Data>
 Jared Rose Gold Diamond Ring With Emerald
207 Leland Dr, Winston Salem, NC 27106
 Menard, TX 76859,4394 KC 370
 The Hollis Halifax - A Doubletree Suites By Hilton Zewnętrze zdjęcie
--
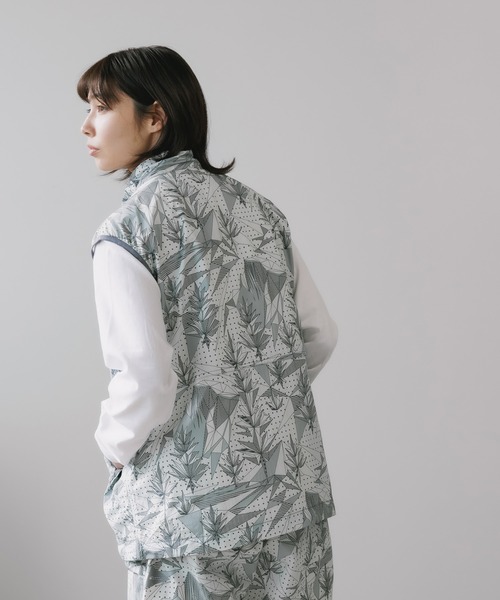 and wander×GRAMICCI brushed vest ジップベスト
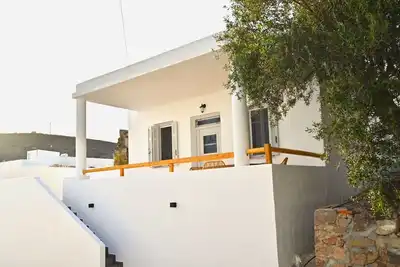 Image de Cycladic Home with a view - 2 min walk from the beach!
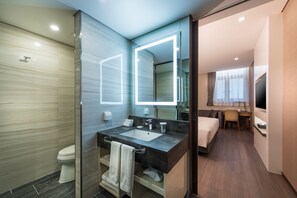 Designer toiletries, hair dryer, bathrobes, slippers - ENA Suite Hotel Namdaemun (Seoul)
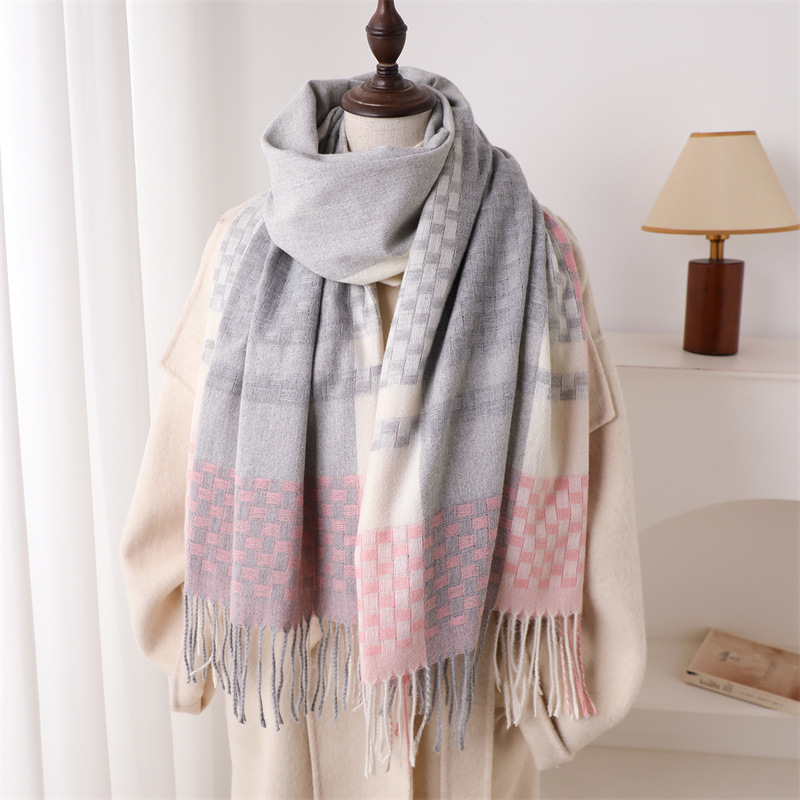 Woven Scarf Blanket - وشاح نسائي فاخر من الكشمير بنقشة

What the exercise asks> All that should be written out is the stretch of lines above between the one holding "Menard, TX 76859,4394 KC 370" and the one holding "The Hollis Halifax", inclusive, exactly as given.

Response>
 Menard, TX 76859,4394 KC 370
 The Hollis Halifax - A Doubletree Suites By Hilton Zewnętrze zdjęcie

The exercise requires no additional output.